Thursday, 14 April 2011

Froggatt Slabs and Solos


Above: Tony contemplating the crux moves of 4 Pebble Slab E3 5c

I met up with a gang of folks today and made are way to Froggatt. The temp was due to be perfect for some slab action and my fingers are still a little tender, so I was well up for slabs. Dan and Elliot warmed up on 3 Pebble Slab HVS 5a and I followed. Tony was on form again and threw his usually sensible approach out the window and went for 4 Pebble Slab E3 5c* as his first route. He did a sterling job on this to tick his first E3 for a while. I was inspired and led it as well. Dan and Elliott completed the team ascent.
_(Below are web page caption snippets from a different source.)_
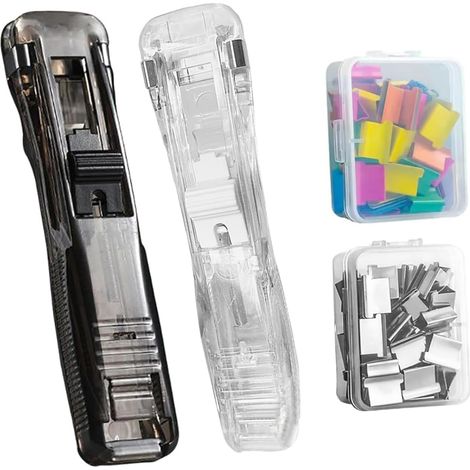 2 Pièces Clam Clip Dispenser, Distributeur de Pinces Réutilisable Portable, Agrafeuse à Pince Sans Agrafes, avec 100 Clips Métal Inox pour Documents, Bureau, École, Maison (1/5)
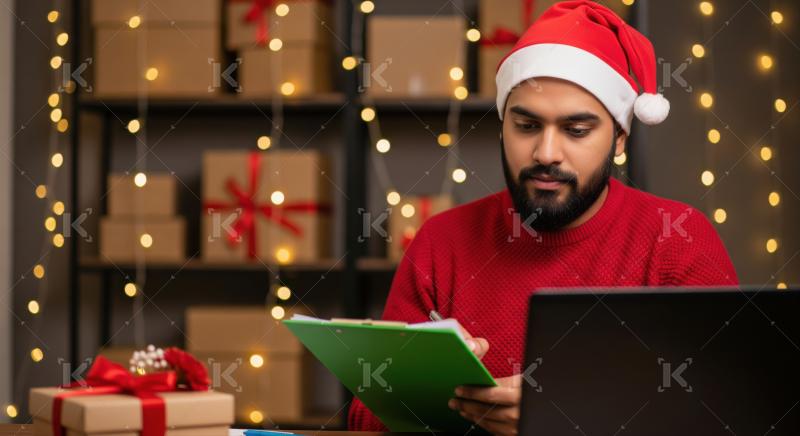 Entrepreneur diligently handles Christmas gift orders for his online shop.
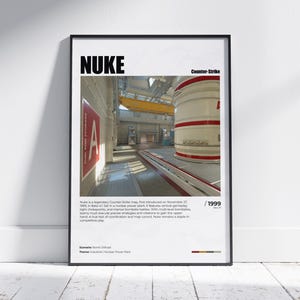 Póster de arma nuclear de CS2, decoración de pared imprimible de arma nuclear, diseño de mapa de CSGO, arte de arma nuclear de CS, decoración de sala de juegos, póster de videojuegos, impresiones de juegos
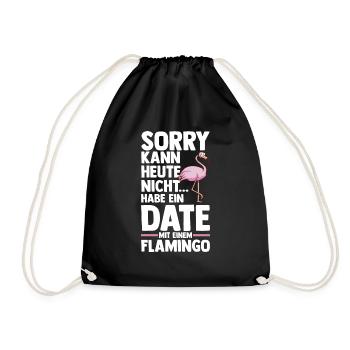 Habe Ein Date mit Meinem Flamingo - Turnbeutel - Schwarz - Vorne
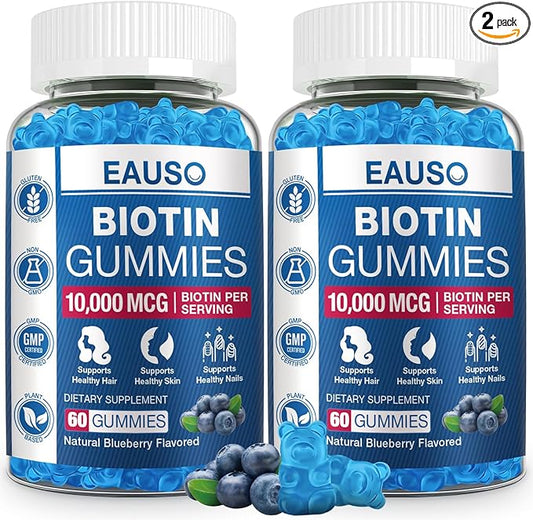 (2 Pack) Biotin Gummies 10,000mcg for Healthy Hair, Skin & Nails for Adults - 120 Gummies Vitamin - Vegan, Non-GMO, Pectin-Based Hair Health Supplement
Pete meanwhile was steadily picking his way up 3 Pebble Slab.

Below: Tony happy to get the top on 4 Pebble Slab


Above: Dan finishing the crux 4 Pebble Slab

A quick break from the slabs and I was keen for Oedipus E4 6b**, a bold solo with a hard move right at the top. I can't really claim the onsight having seen a video of Katy W doing it on UKC, but her beta was top draw. Things must have been going well because the route felt more like 5c today, but defo not 6b. The traverse off was the scariest part of the route. Young Elliot then flashed the route as well, but took man points away from his fine effort when he started winging about being rescued from the traverse off (the youth of today).

Above: Making the crux rock over on Artless E5 6b (check out how high that knee is)

All down safe and sound we moved to Long John's Slab Easy3 5c*** which Dan and Elliot both led. I was keen to tick the last of the E5 slab routes on Great Slab I had not done, so went for Artless E5 6b**. This again went pretty easily once I got my feet right, I had looked at this before but could not see how to do the starting rock over so walked away. Was very happy to get the onsight today having saved it. Another soft tick for the tech grade though a great bit of climbing. dan and Elliot both led Heartless Hare with the side runners to make a good E3 5c. I then soloed Brown's Eliminate E2 5b***, then Dan led it. I finished off up Armageddon E3 5c**.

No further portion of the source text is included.